En la pequeña población suiza de DAVOS acaba de terminar otro Foro Económico Mundial. Unas 2.500 personalidades pertenecientes al gran poder económico, entre ellas unos 40 jefes de estado, celebraron su acostumbrada reunión anual que terminó ayer domingo. El despliegue de medidas de seguridad fue enorme, los habituales pobladores del lugar se sintieron “amurallados”
Este Foro de Davos se ha establecido como una marca de prestigio que vende, y congrega al súmmum de los potentados, a unos magnates que reclaman para sí la representación de los más de 7 mil habitantes del planeta y en su condición de tales toman decisiones que afectan a todos. Se reúnen desde hace muchos años, realizan análisis, debaten, proponen y resuelven. Sin embargo, nunca pudieron predecir la crisis en la que ahora está inmerso medio mundo y en 2007 nada dijeron sobre la inmediata crisis financiera del 2008. Ignoraban u ocultaban lo que vendría?
En el contexto de una crisis económica que no encuentra salidas, esta élite llamada “globócrata” hace esfuerzos por resistir e insistir en la aplicación de las mismas recetas que benefician a la banca responsable del problema y castigan con la austeridad a las víctimas del desastre. Como una manera de evadir lo que debería haber sido el tema central del Foro –el desempleo y la parálisis económica- los foristas se ocuparon de muchos otros asuntos, algunos irrelevantes, en una coyuntura marcada por crisis social, conflictos bélicos sin resolver y el amenazante cambio climático. Abundaron la retórica y los buenos deseos pero al final ninguna respuesta convincente frente a los llamados riesgos globales que alarman a la sociedad actualmente, esto es, las inequidades económicas, el déficit fiscal de los países del sur de Europa, de EEUU y de otras regiones y el cambio climático con los desastres ambientales.

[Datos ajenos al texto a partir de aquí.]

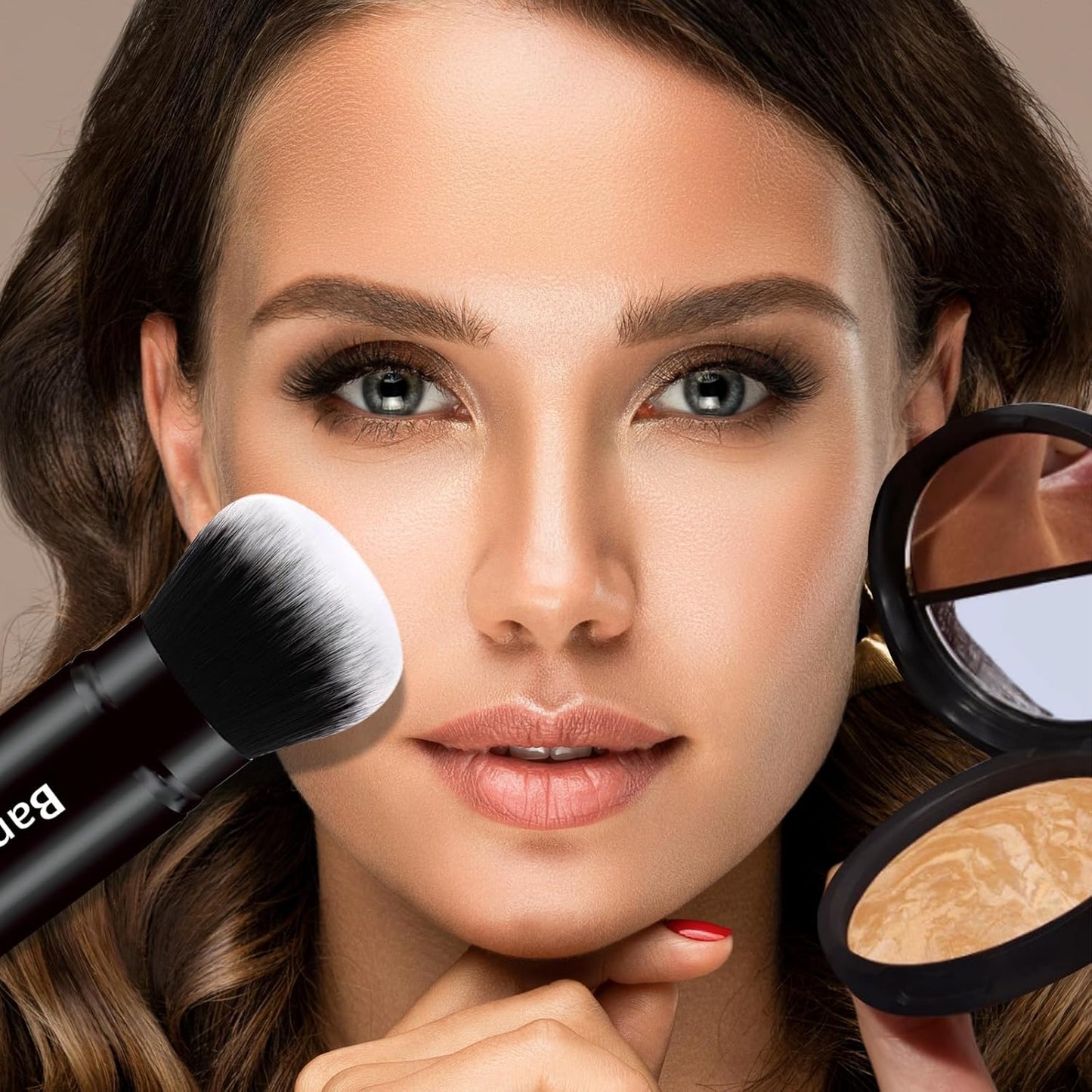 Makeup Brush Kabuki Face Brushes Retractable Travel Blush Brush Portable Flawless for Foundation, Powder Blush, Bronzer, Buffing, Liquid, Cream, Cruelty Free with Cover(Round-Head)-GlimoraGlow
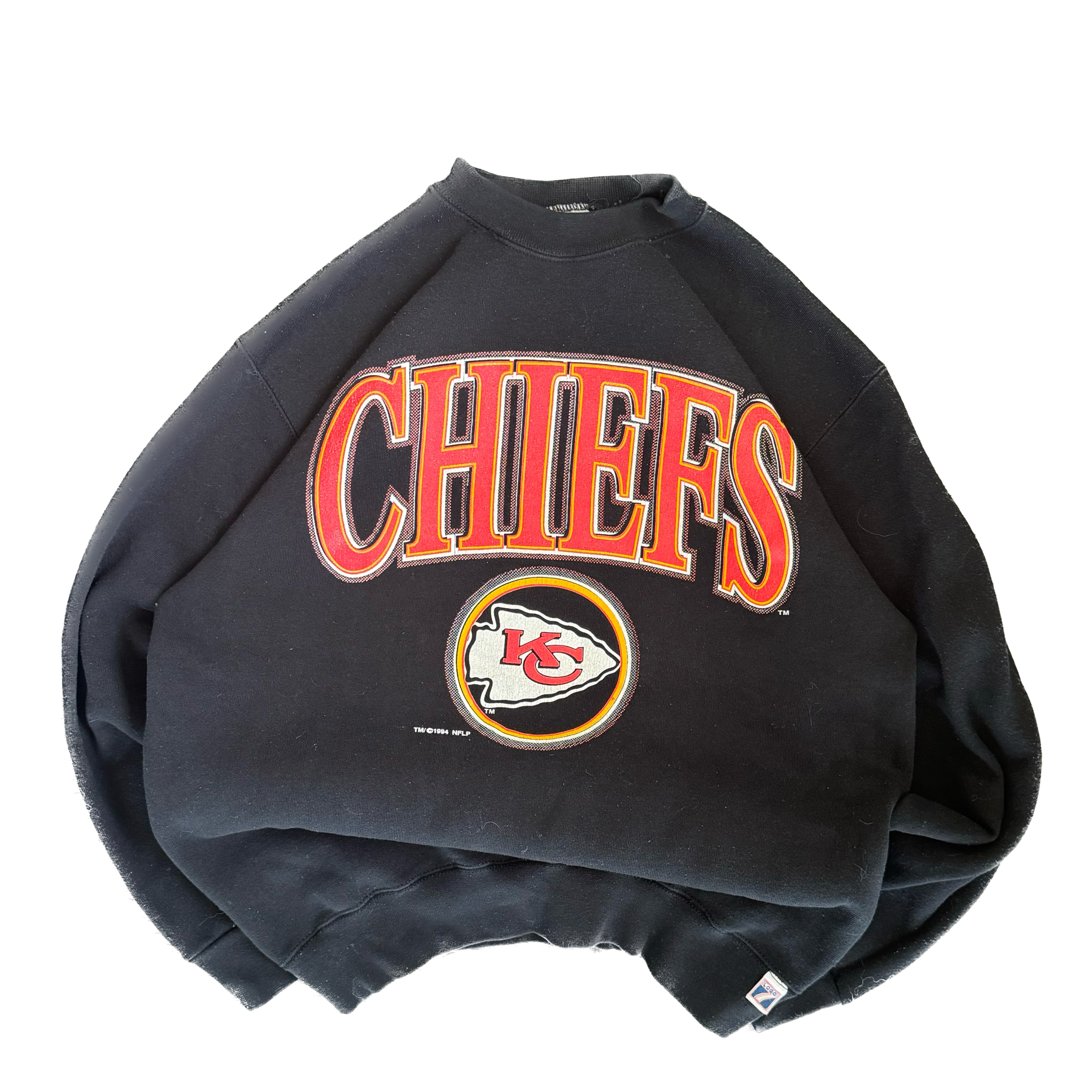 WESTSIDE STOREY VINTAGE | VINTAGE 90'S HEAVY LOGO 7 KC CHIEFS BLACK SWEATSHIRT - Westside Storey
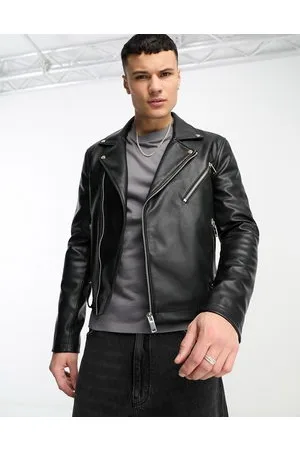 Bolongaro Giacca stile motociclista in pelle sintetica nera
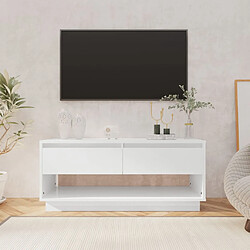 vidaXL Meuble TV blanc brillant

Las tormentas económica y ecológica son una amenaza latente a la supervivencia del planeta, pero en Davos todo se banaliza y nada pasa. Habrá que esperar el próximo Foro Social Mundial que suele ser paralelo al de Davos, pero este año se aplazó para marzo, en Túnez. Allí acudirán miles de representantes de Movimientos, ONG y redes sociales de todo el mundo prestos a cuestionar el orden establecido y a vislumbrar soluciones realistas
Pero hubo novedades en esta 43 edición del Foro Económico Mundial y lo fue una interesante premiación promovida por algunas ONG a través de las campañas “Ojo Público sobre Davos” y “Derecho sin Fronteras” que cuestionaron públicamente y a través de redes a empresas transnacionales por no respetar ni atender en sus actividades empresariales en el exterior, los derechos humanos y ambientales, de la misma manera que deben hacerlo en sus propios países. Esto en realidad ocurre con muchas empresas europeas y norteamericanas, que hacen fuera de casa lo que dentro de ella no se les permite; respetan los patios propios mientras los ajenos les importan poco.
En desarrollo de estas campañas de denuncia, las ONG “Declaración de Berna” y “Greenpeace” otorgaron en Davos el premio a LA PEOR EMPRESA DEL AÑO. Compitieron: SHELL-multinacional angloholandesa que explota petróleo en el Àrtico y ocasiona graves daños ambientales; GOLDMAN SACHS-sociedad bancaria estadounidense que, según el Jurado, produjo unos informes que le permitieron a Grecia ingresar de manera fraudulenta a la zona del euro hipotecando así el futuro del pueblo griego; ALSTOM-empresa francesa de energía y transporte. G4S-multinacional británica de seguridad privada; REPOWER-empresa energética suiza y LONMIN-grupo minero sudafricano
El “premio” a la Vergüenza 2013 como Peor Empresa del año fue para Goldman Sachs y Shell. Según el Jurado, compuesto por prestigiosos académicos e investigadores universitarios y por Parlamentarios destacados, argumentó que estas empresas se habían hecho acreedoras a la condena pública por sus “continuas agresiones contra los derechos humanos y los crímenes ambientales”
Sin duda es loable que existan organizaciones resueltas a proteger el derecho a la vida en el planeta y a defender los intereses de las mayorías olvidadas y marginadas. Conviene tomar atenta nota de estos hechos en una región minera como El Cesar y La Guajira donde operan algunas multinacionales que bien merecerían el “premio mayor” como empresas contaminadoras y depredadoras. Va siendo hora de comprometerse en serio con la defensa de la vida.